**Image-text web data:**

[Start of section]

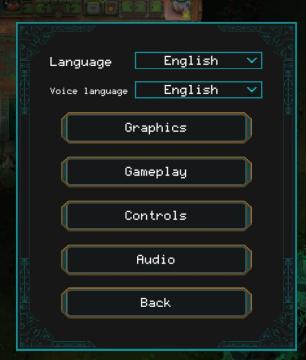 options, settings from Children of Morta UI screenshot (English), thumbnail - open to see full size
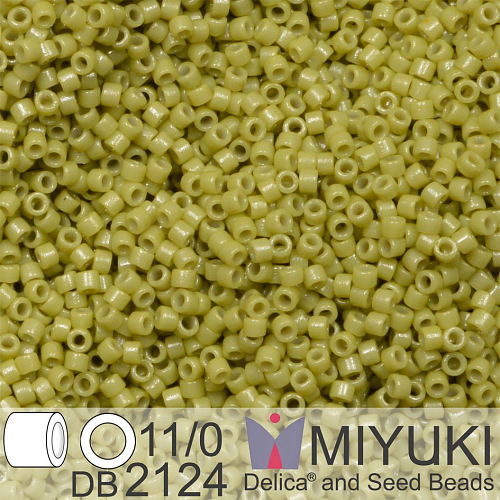 Korálky Miyuki Delica 11/0. Barva Duracoat Dyed Opaque Cactus DB2124. Balení 5g.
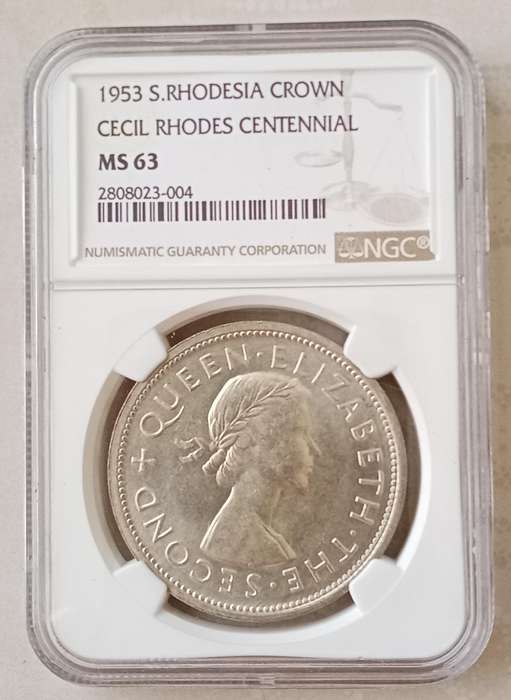 1953 Southern Rhodesia silver crown (Rhodes Centennial) NGC MS63.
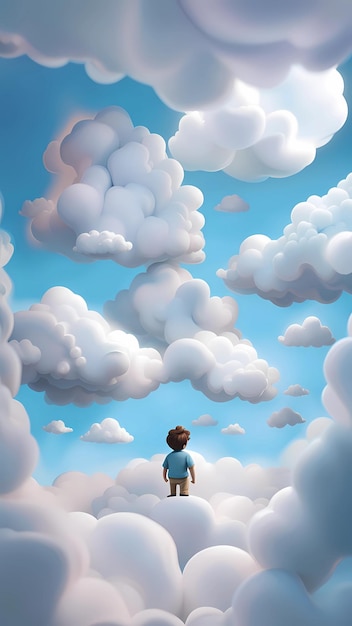 3D chłopiec stojący na chmurach ilustracja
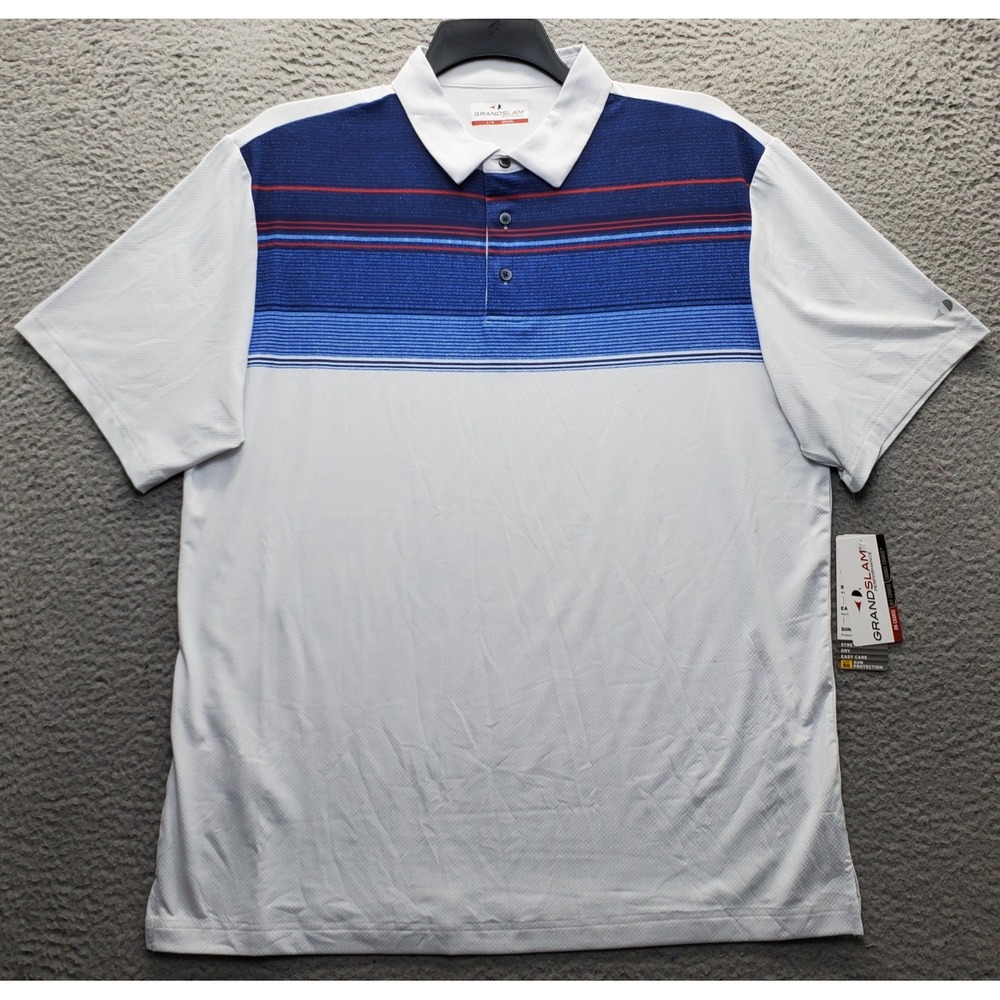 Grand Slam Golf Polo Shirt Mens Large Multi Striped Short Sleeve Stretch UPF 50+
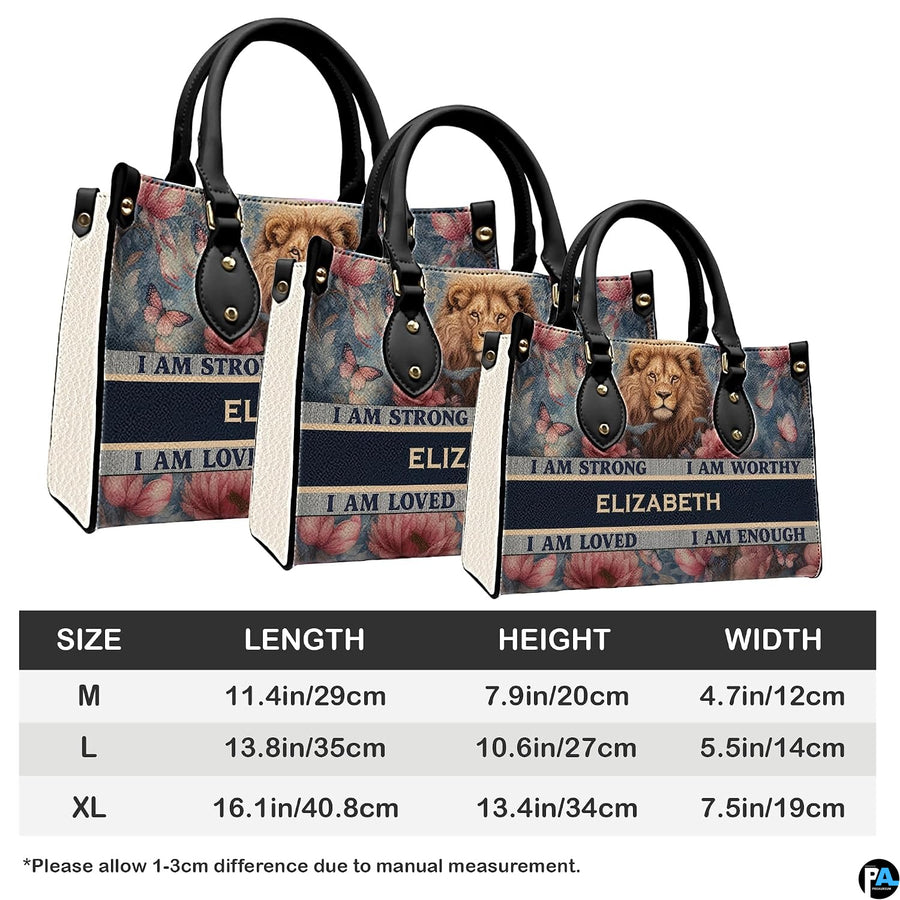 Measurement guide illustration presenting dimensional proportions for three handbag choices.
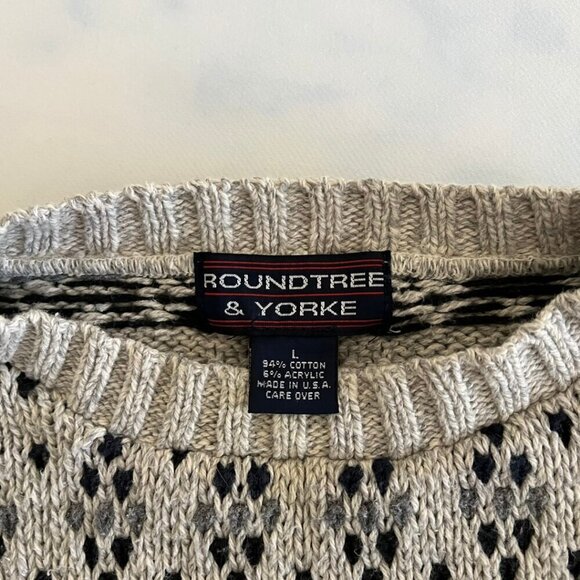 Roundtree & Yorke Vintage Grey Knit Crewneck Sweater - Picture 7 of 7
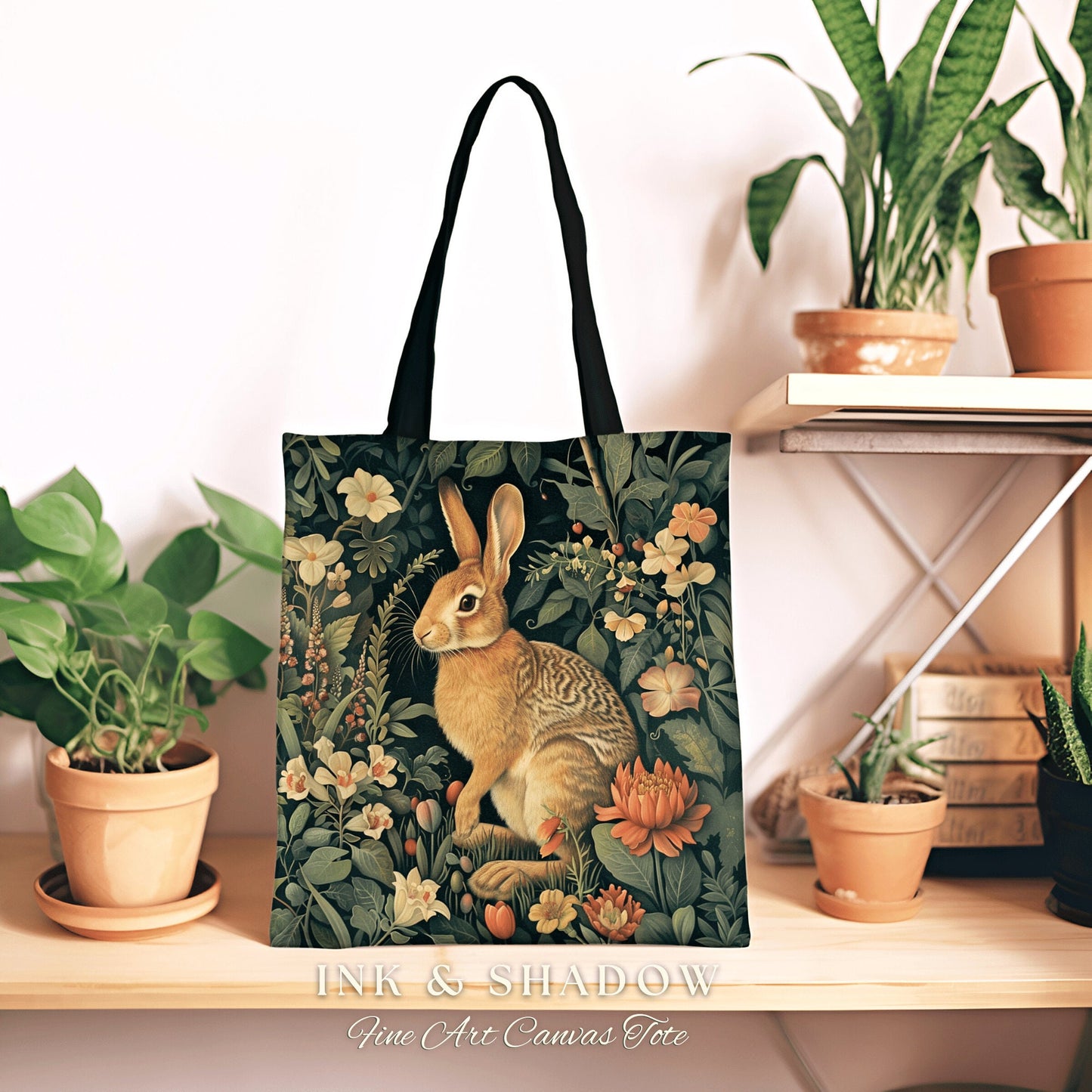 Wildflower Rabbit Tote | Boho Satchel Folk Art Woven Tapestry Bag William Morris Throw Woodland Goth Medieval Aesthetic Spring Fashion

[End of section]

**Directions:** Your answer must be an exact reproduction of all entries, containing no pictures.

**Result:**
 options, settings from Children of Morta UI screenshot (English), thumbnail - open to see full size
 Korálky Miyuki Delica 11/0. Barva Duracoat Dyed Opaque Cactus DB2124. Balení 5g.
 1953 Southern Rhodesia silver crown (Rhodes Centennial) NGC MS63.
 3D chłopiec stojący na chmurach ilustracja
 Grand Slam Golf Polo Shirt Mens Large Multi Striped Short Sleeve Stretch UPF 50+
 Measurement guide illustration presenting dimensional proportions for three handbag choices.
 Roundtree & Yorke Vintage Grey Knit Crewneck Sweater - Picture 7 of 7
 Wildflower Rabbit Tote | Boho Satchel Folk Art Woven Tapestry Bag William Morris Throw Woodland Goth Medieval Aesthetic Spring Fashion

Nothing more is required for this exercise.